Mayor Ed Murray today transmitted a resolution to City Council outlining next steps in addressing the public safety needs of the people experiencing homelessness as well as infrastructure needs in the Interstate 5, East Duwamish Greenbelt (Greenbelt) area. Beginning with the initial assessment in February, the City, County and State have worked in concert on issues related to homelessness and infrastructure in the area, where some of the most extreme public health and safety risks exist.
“As I witnessed first-hand, our outreach teams have made extraordinary efforts to help those living under the freeway find shelter and needed services,” said Mayor Murray. “It is now time for Council to authorize us to proceed with addressing the outstanding public safety and health concerns present in the area.”
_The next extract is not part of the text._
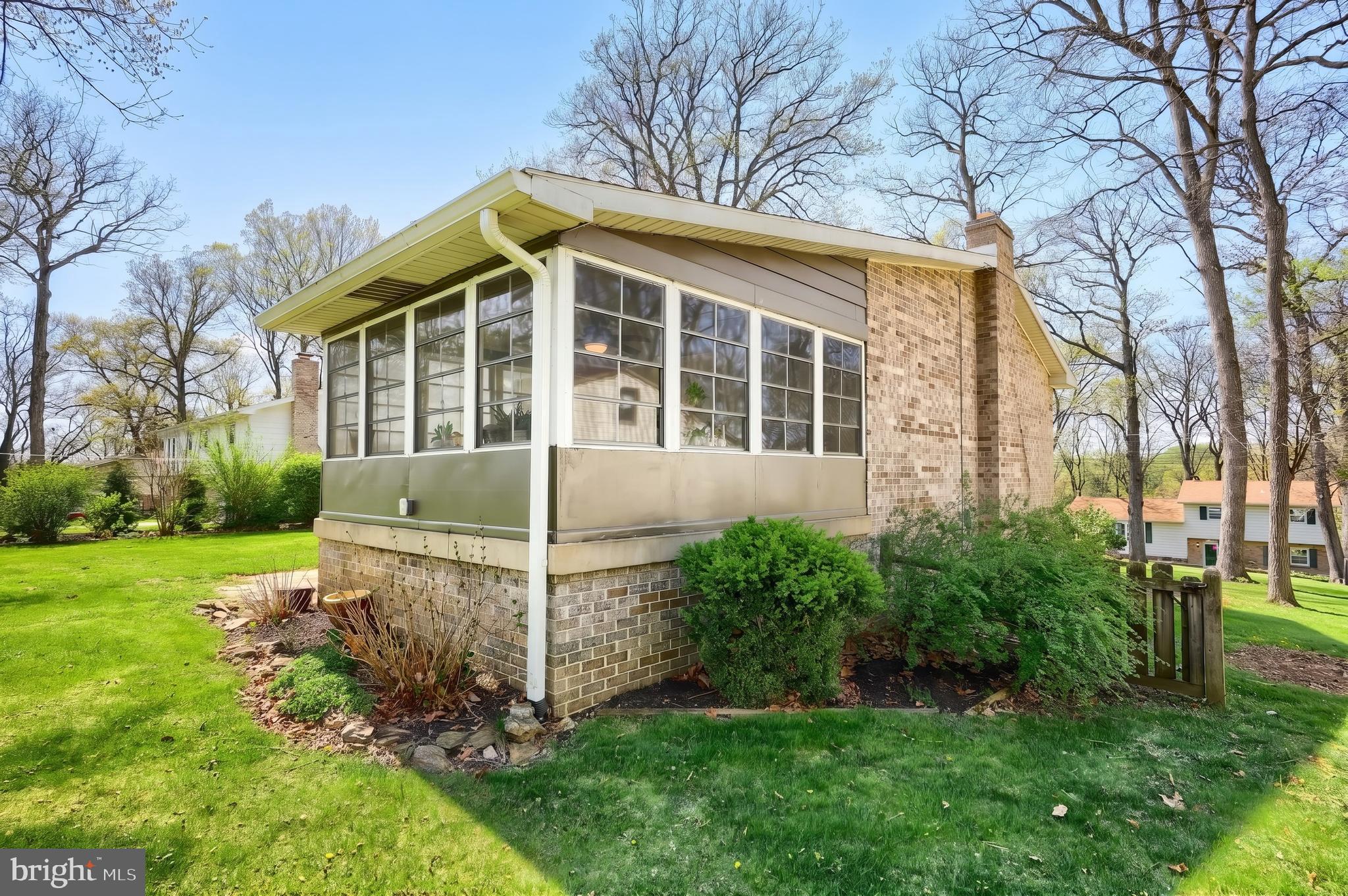 ARLINGTON PARK - Residential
Outreach workers have contacted 357 people between 5-10 times each over these last three months, with each individual being offered shelter and services. Seventy residents accepted offers of shelter, services, and relocation assistance into sanctioned encampments or entry into recovery programs. According to the Union Gospel Mission, roughly 90 percent of the estimated 100 remaining residents in the Greenbelt struggle with severe mental health and substance abuse disorders and are considered one of the most vulnerable homeless populations in Seattle.
The resolution states that initial outreach efforts have been completed and that the City and state should proceed with an operations plan to refurbish an access road, clear debris and trash, and conduct overdue maintenance and inspections on I-5. In anticipation of the displacement of the remaining residents, the City and state have worked together to establish a transitional encampment site for those who have not accepted alternatives for shelter or services. The site includes harm reduction measures such as portable toilets, dumpsters, and combined outreach efforts. It is slated to operate ahead of the Navigation Center, a low-barrier, harm reduction shelter model that allows pets, couples and individuals who are currently struggling with addiction and provides 24/7 access addressing many of the concerns presented by individuals who typically refuse shelter. The Navigation Center is scheduled to open by the end of the year.
In June of 2016, City Council and the Mayor agreed on a resolution calling for comprehensive and intensive outreach to people living in the Greenbelt encampment area prior to any improvements to the physical environment occurring. These efforts included offers of shelter and services to those living in the Greenbelt. The Seattle Human Services Department has verified that outreach workers from the Union Gospel Mission took all of the appropriate steps to address the critical needs of individuals living in the Greenbelt by providing intensive outreach consistent with United States Interagency Council on Homelessness standards and connected people to low-barrier pathways to permanent housing.
The operational plan calls for continued outreach to Greenbelt residents along with maintenance improvements including the removal of brush, debris and human waste, repairing freeway and storm water infrastructure, and restoring access roads for emergency responders and WSDOT crews. Those remaining in impacted areas will be notified in advance of construction and will be asked to relocate. UGM outreach teams will increase their outreach efforts to the Greenbelt continuing to extend offers of housing, shelter, and services including space at the transitional site located at S. Royal Brougham and Air Way South.